WHAT IS BEING ASKED:
Only one stretch of the data should be retyped: the lines from the line containing "Figure 6. 15" through the line containing "山梨県山中湖村　花の都公園". Keep pictures out of it.

SOURCE MATERIAL:
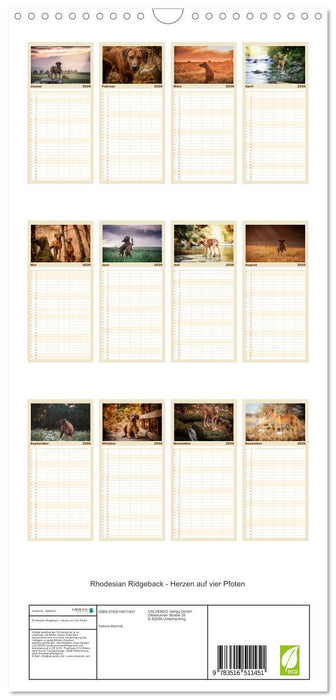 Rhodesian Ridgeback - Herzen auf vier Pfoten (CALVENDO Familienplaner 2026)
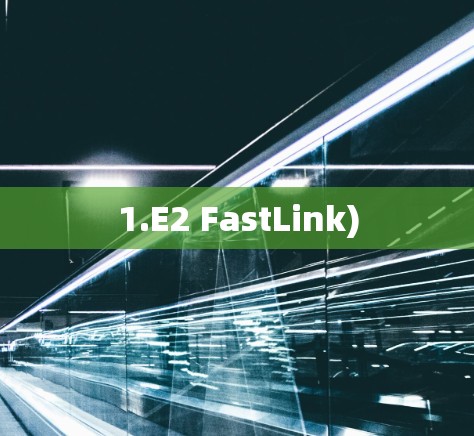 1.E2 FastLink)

---

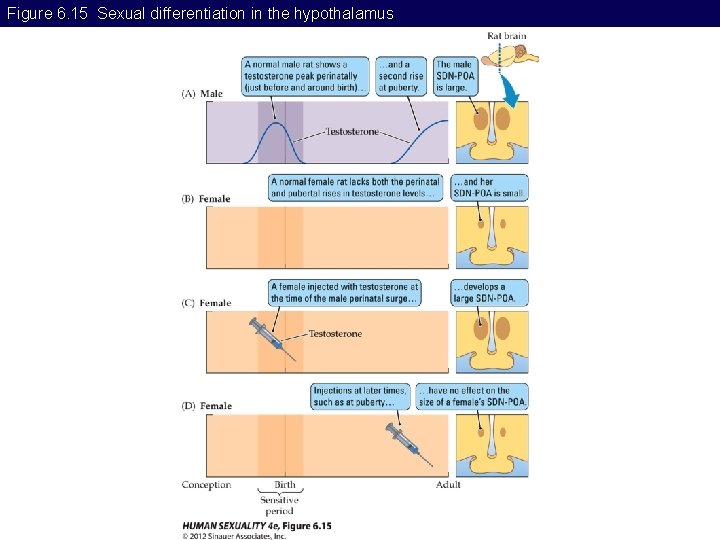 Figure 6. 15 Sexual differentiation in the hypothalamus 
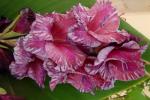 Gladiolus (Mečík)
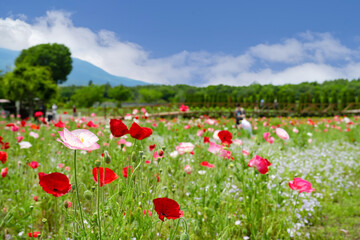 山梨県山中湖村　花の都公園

RESPONSE TO THE EXERCISE:
 Figure 6. 15 Sexual differentiation in the hypothalamus 
 Gladiolus (Mečík)
 山梨県山中湖村　花の都公園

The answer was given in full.